O ensaio segue. Eu continuo o ensaio. Ela volta, mais fresca que nunca por causa do tal cotovelo. Desentende-se com Antheia. Desentende-se com muita gente. Se demorar a se entender, deverá ser substituída, penso eu. Indiferente ao futuro , o final acontece. Duas cenas foram cortadas. O espetáculo deve estar com uma hora. Passamos os trinta minutos finais do espetáculo e os atores tem uma hora para vadiar e se arrumar. (Orbacam queria parar as 18h. Aliás, por ele nem ensaiariamos porque era dia de estréia... eu, hein!)
Dez pras oito. Luara diz que falou à mãe - que veio da Bahia pra ver a filha na peça - que o espetáculo seria as 20h30. Digo que vou segurar a peça o máximo que puder. Seguro até 20h40 e peço para Clara liberar a entrada do público. Antes, porém, a sala foi invadida por alguns e eu pedi gentilmente que aguardassem mais dois minutos para que os atores se arrumassem. Alguém do público resmunga. Não tenho dúvidas e digo:

"Se não quiser esperar, pode ir embora!" - resmunga de novo e é a vez do Marcos:

"Pode ir! Boa sorte!"

Diz Sacha algumas horas depois que o resmungão havia sido ninguém menos que o bom e velho Raberuan. Rãh, Raberuan!


O público entra e vai se acomodando. Casa lotada, mais cadeiras são necessárias. Mais de quarenta pessoas no pequeno espaço da casa. Nos bastidores, uma Luara desaforada intercepta uma Clara Barbosa em seu momento de produção artistica:

"Clara, diga ao Claudemir que eu não vou começar a peça sem a minha mãe chegar." - São 20h42. Thays já correu e entrou em cena. Drácula demora a entrar. Fico preocupado. Que demora é essa?

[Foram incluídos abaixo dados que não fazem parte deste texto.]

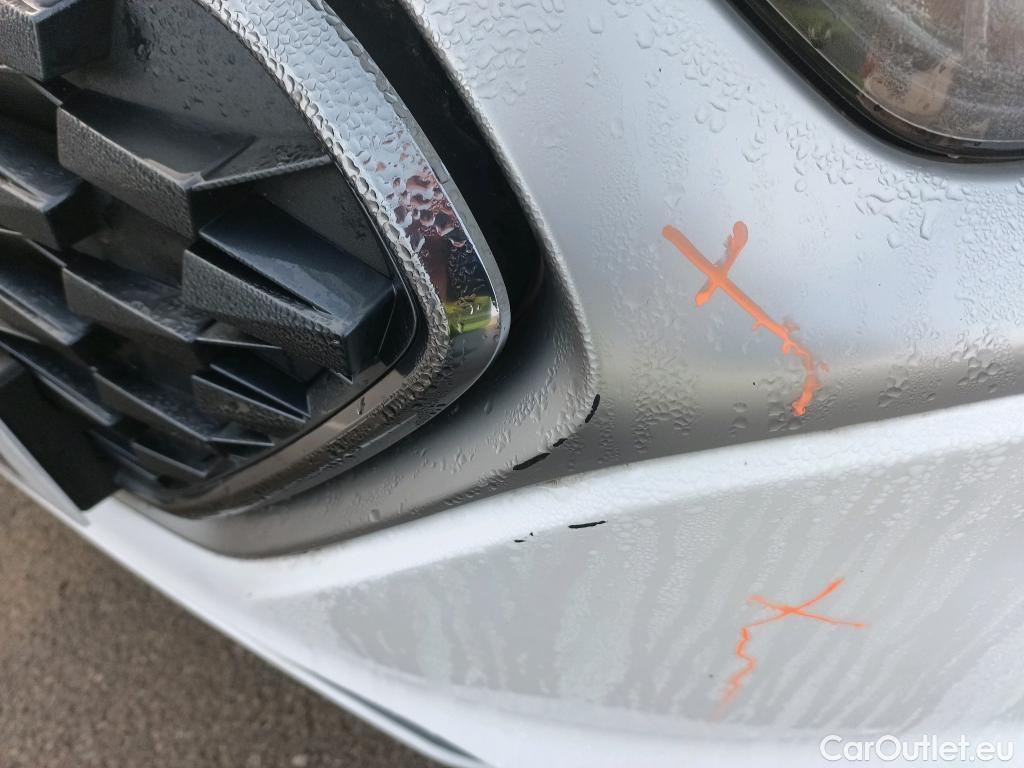  Hyundai   Ioniq HYUNDAI / 2019 / 5P / berlina con portón 1.6 GDI HEV Tecno DCT #10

Nos bastidores, Clara avisa o Marcos que diz a Luara: "Você vai entrar, sim!"

Drácula entra e arrasta a filha da hospedeira.

Clara diz algo a Luara e tenta conscientizá-la sobre funções e profissionalismo. Luara chora. Chora, mas entra em cena. Seu canto sai entremeados com soluções e lágrimas. Acho-a muito boa e viva em cena, mas nem imagino o que está acontecendo.

Minutos depois, Sacha diz a Marcos: "Tá lotado, não deixa entrar mais ninguém."

Mas, no portão, surgem três mulheres que desejam entrar.

"Parentes da Luara?"

"Não; da Ingrid."

Sachão vai até o Marcos.

"Tá lotado, bicho!"

"São só três, Sacha!"

Mas, ao olhar de novo para o portão, o numero já era bem maior: os parentes de Luara haviam chegado.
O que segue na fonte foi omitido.